Capítulo 3: La huella del caminante

La huella del caminante. Al caer la tarde, Herminio llegó a la casa Granja de García Molina. Al aproximarse, la fama de «Herminio el Mimbre» ya le precedía, como eco de canción olvidada. En este nuevo lugar, encontró el mismo deseo de calidez y unión. Al igual que en Santerón, se dedicó a trabajar, compartir historias y enriquecer la vida de los labriegos y ganaderos con su arte.

Era una hacienda fortificada donde las ovejas dormían en corrales de piedra y el humo de las chimeneas olía a pan recién horneado.
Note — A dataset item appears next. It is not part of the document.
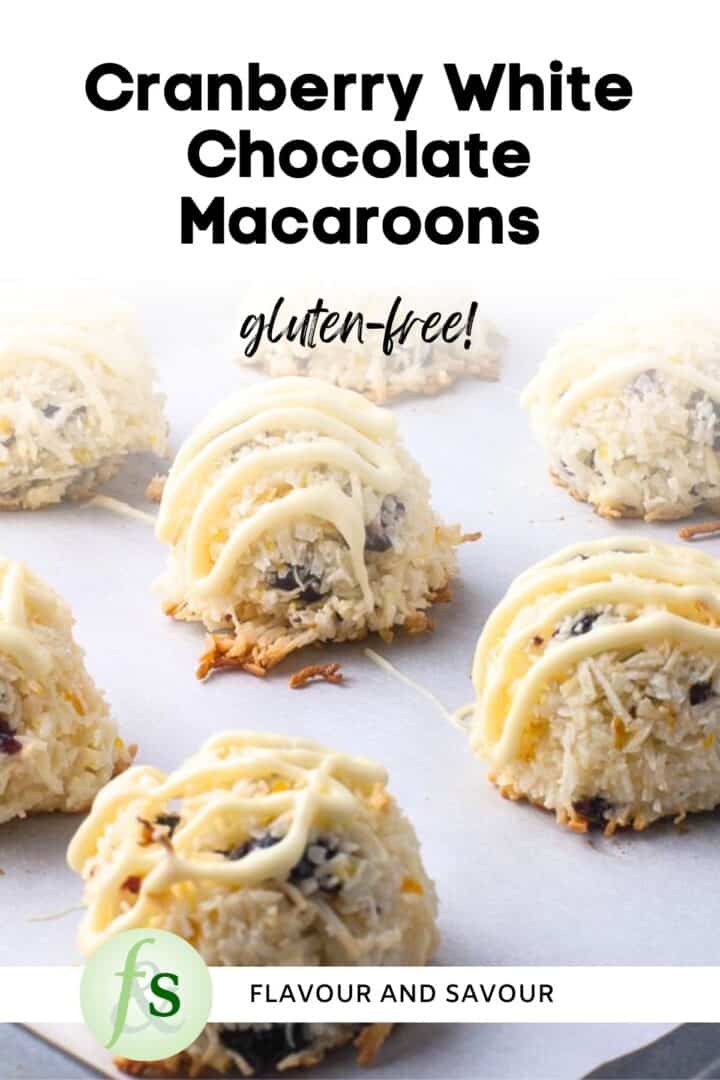 Image with text overlay for gluten-free cranberry white chocolate macaroons.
Doña Jimena fortificó su granja no solo por lobos salvajes, sino por estos, «lobos de dos patas».

Doña Jimena, la viuda del antiguo señor, lo acogió.
«¡Quedaos, peregrino!».
— «La lluvia ha enfangado la carrera a Moya, et los lobos andan fambrientos».

Allí, Herminio trabajó ordeñando cabras, reparando cercas, portillos, bardales y ayudando en la cocina, donde la anciana cocinera, Teresa, le enseñó a hacer migas con torreznos (un manjar que le recordó a su infancia en Burgos).

Pero no todo era paz.

Era una Noche de Brujas, según los pastores que hablaban de una mujer vestida de blanco que aparecía en el río, llorando por un hijo ahogado en una poza próxima, que llamaban el «Pozanco».

También había secretos de familia. El hijo de doña Jimena, García, bebía demasiados fermentados caseros, entre ellos el «hipocrás», mezcla de vino con miel y especias, considerado tónico, o el rico hidromiel, fermentado de miel y agua. Cuando estaba bajo los efluvios del alcohol, maldecía a los peregrinos.

«¡La Vera Cruz es patraña de clérigos!», decía vociferando.

Una noche, Teresa le entregó un cuchillo pequeño de la matanza.

— «Por si el Çocato (Zocato) tornare…— le dixo.»

 

Permaneció con ellos poco más de diez días, impensable en el inicio de su peregrinación, pero las circunstancias mandan y el roce, al final, llevó al cariño. Los cestos y canastos que tejió se utilizaron durante años, pasando de padres a hijos, como historias orales que florecían en las mesas comunales.

«A la granja llegó Herminio,
con su mimbre et su saber,
pregonó su buen officio,
formas de fazer nos dio a tener».

Los nudos conexionados del trenzado, representaban no solo un objeto utilitario, sino una contribución en mimbre que se trenzaba con las vidas de aquellos que lo habían conocido. Herminio intuía que su trabajo trascendía lo físico. Estaba moldeando relaciones y construyendo un sentido de comunidad que vivía en esos simples y rudos objetos.

Misa de despedida en la granja de García Molina

Año del Señor de 1347 – sábado 4 de mayo. La pequeña capilla de San Juan, con su puerta de quejigo con cuarterones mal orientada al norte, temblaba bajo el cierzo; cuando la aldea entera se reunió para despedir a Herminio. Era la víspera de su partida hacia Caravaca.

Primeras luces, al toque de la campana del alba, Herminio esperaba junto al altar de piedra, su bordón en una mano y la esclavina sobre los hombros. Fray Benito el Franciscano, con su vieja casulla gris con capucha y su cordón con tres nudos, su escapulario y el manípulo sobre el brazo izquierdo, comenzó la misa en latín, mientras el rocío brillaba sobre las lápidas musgosas.

 

La ceremonia, donde los aldeanos respondieron al salmo en romance castellano.
— «¡Válate el Ángel de la Vera Cruz y te guarde!»

En el ofertorio, un vecino alzó una cesta de mimbre.
— «Pan del forno nuestro para el tu camino. — Y Juana la Molinera alzó un odre: — Vino de las viñas nuestras».

Fray Benito consagró las ofrendas:
— «Hoc est enim Corpus meum» (Esto es mi Cuerpo).
— «Hic est enim Calix Sanguinis mei» (Este es el cáliz de mi sangre).

Y explicó en voz baja:
«Como el pan se trasforma, tú dexas de seer cestero por seer romero».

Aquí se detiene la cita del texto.